# INPUT RECORDS:
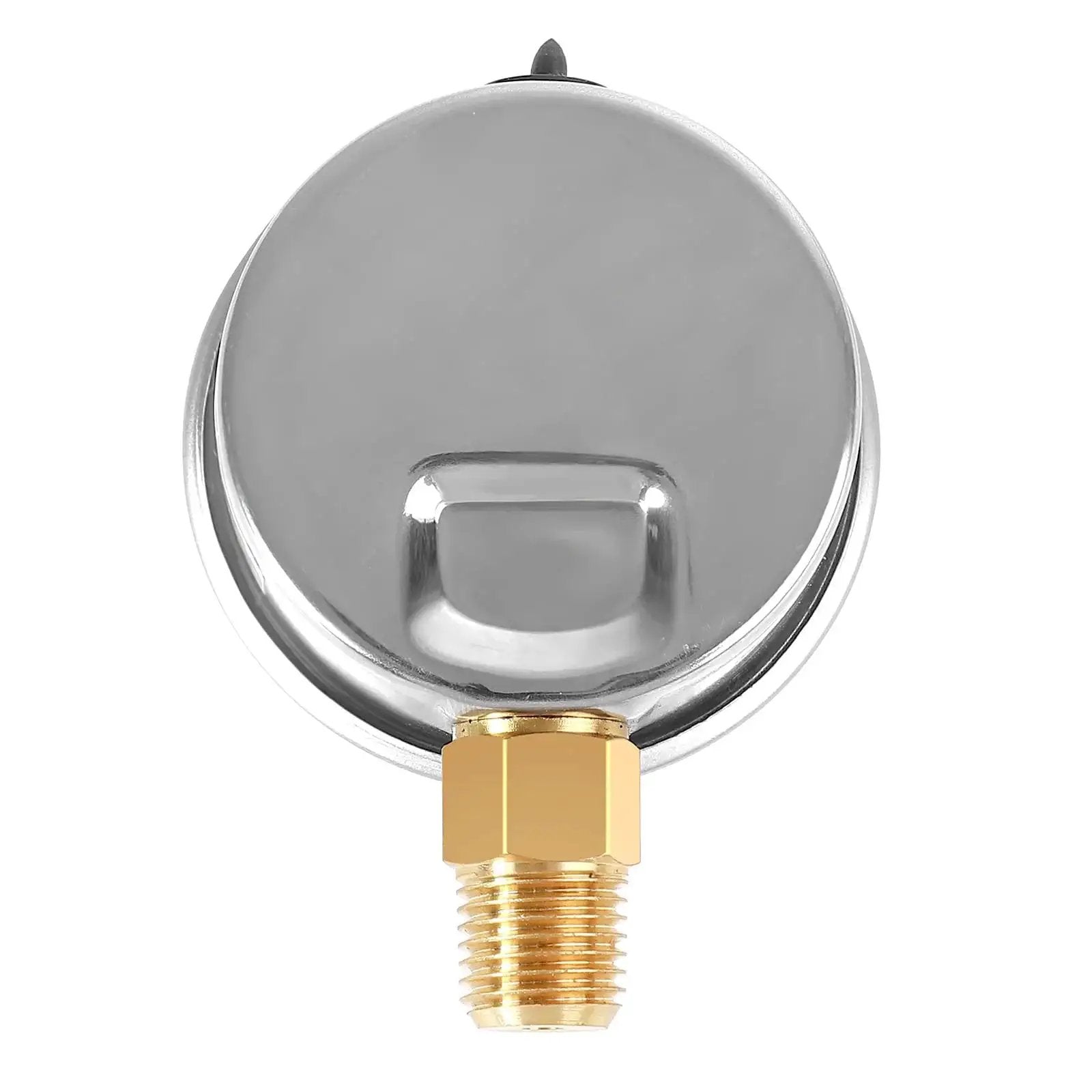 Rear view of Liquid Filled Fuel Pressure Gauge With 2 Inch Dial And 304 Stainless Steel Case 0 to 100 Psi Range 2 Percent Accuracy Quarter Inch NPT Center Lower Mount UHARBOUR Durable Mechanical Gauge For Reliable Fuel Line Readings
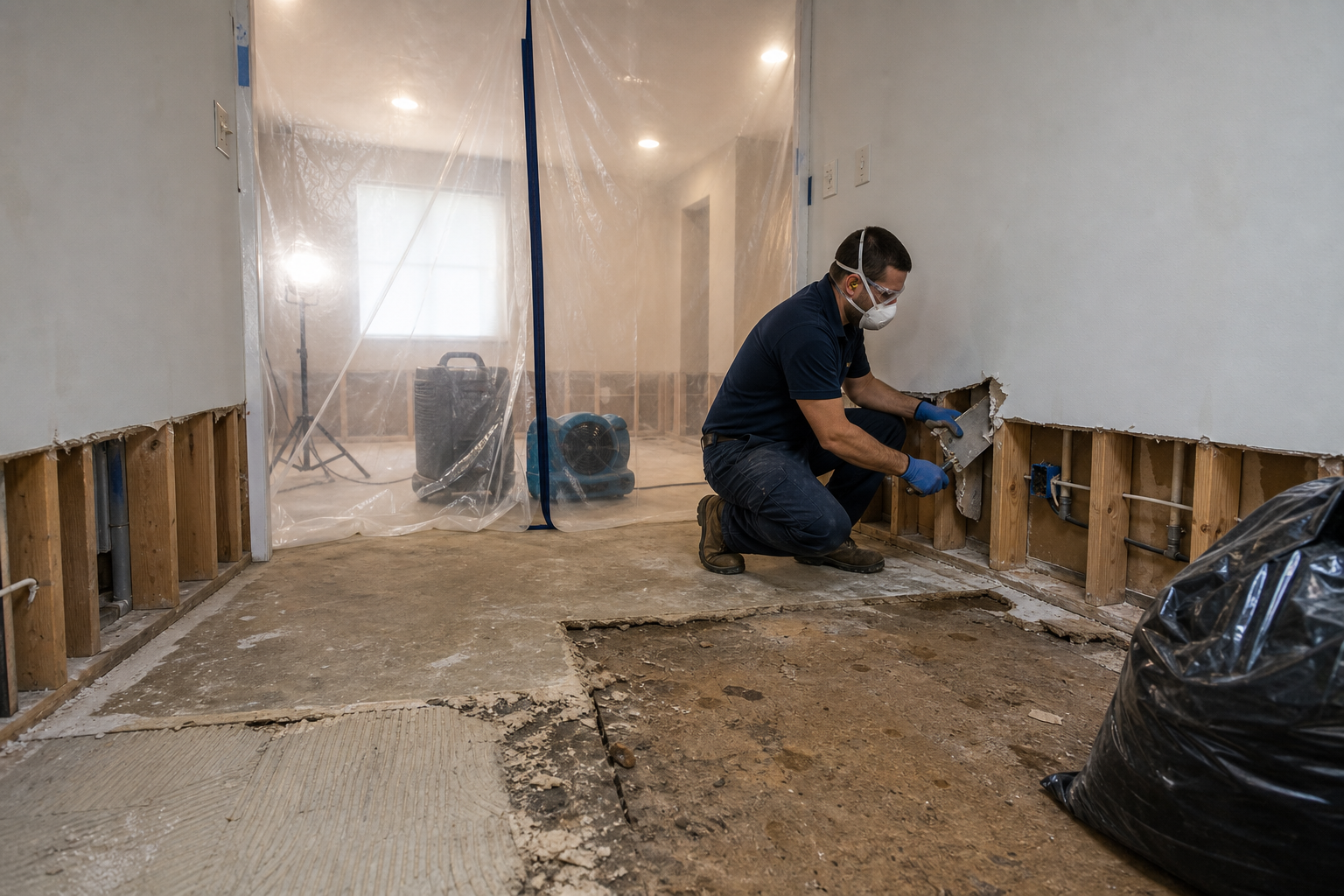 Flood cuts and demo in progress during water mitigation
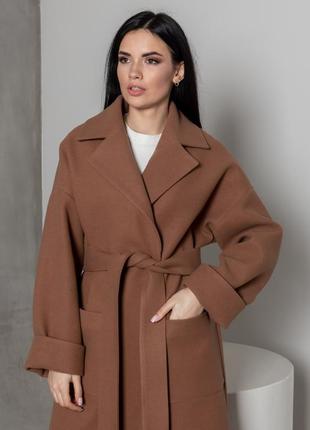Оверсайз демисезонное женское пальто-халат  "палермо" цвет карамель/коричневый6 фото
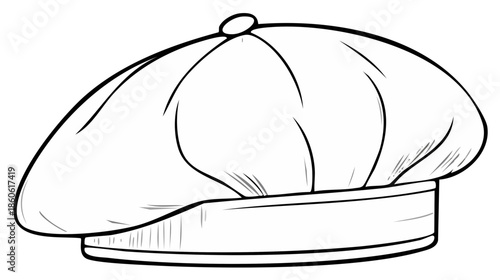 Black and white hand-drawn illustration of a classic newsboy cap, isolated.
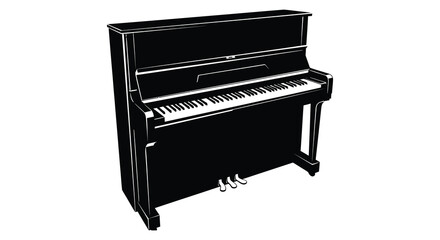 Black upright piano isolated on a white background a striking silhouette © nhpvect02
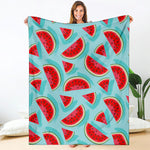 Blue Watermelon Pieces Pattern Print Blanket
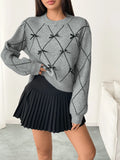 Diamond Pattern Bow Detail Sweater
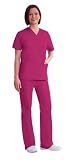 Dickies Women's Everyday Scrubs (EDS) V-Neck 2 Pocket and Cargo Pant with Back Elastic,Hot Pink,L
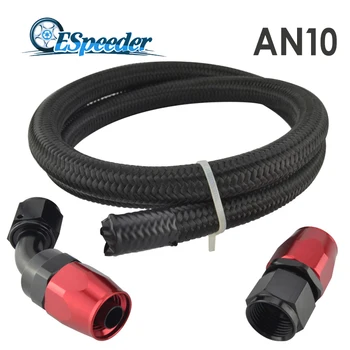 

ESPEEDER AN10 Straight Fitting 45 Degree Swivel Oil Fuel Hose End Adapter Kit AN10 Fuel Hose Nylon Braided Racing Hose Line 1M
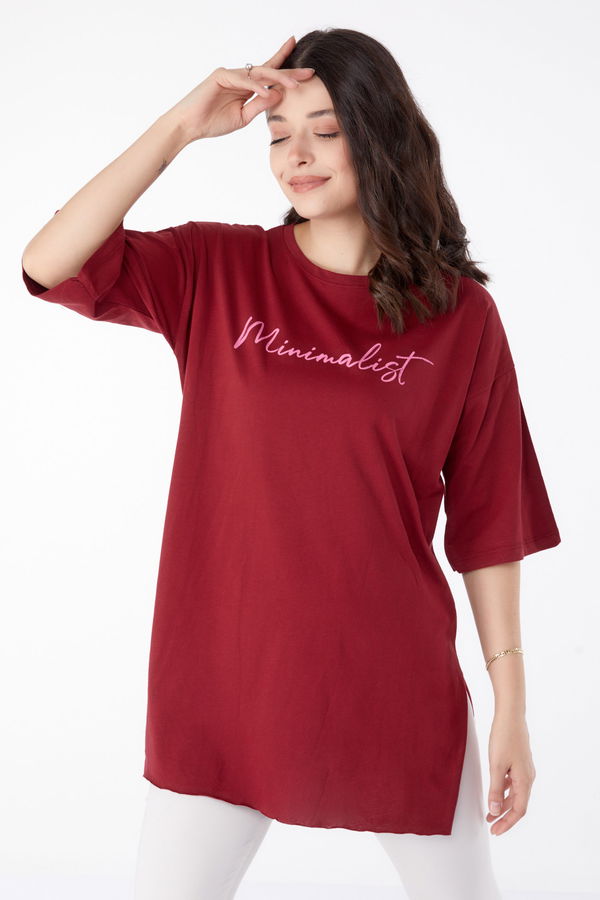 Baskılı Kısa Kollu T-Shirt Bordo - 25395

# PROBLEM:
Retyped exactly, the lines from the one holding "Black upright piano" through the last line of the data above are the whole answer. Pictures stay out.

# ANSWER AREA:
 Black upright piano isolated on a white background a striking silhouette © nhpvect02
 Blue Watermelon Pieces Pattern Print Blanket
 Diamond Pattern Bow Detail Sweater
 Dickies Women's Everyday Scrubs (EDS) V-Neck 2 Pocket and Cargo Pant with Back Elastic,Hot Pink,L

ESPEEDER AN10 Straight Fitting 45 Degree Swivel Oil Fuel Hose End Adapter Kit AN10 Fuel Hose Nylon Braided Racing Hose Line 1M
 Baskılı Kısa Kollu T-Shirt Bordo - 25395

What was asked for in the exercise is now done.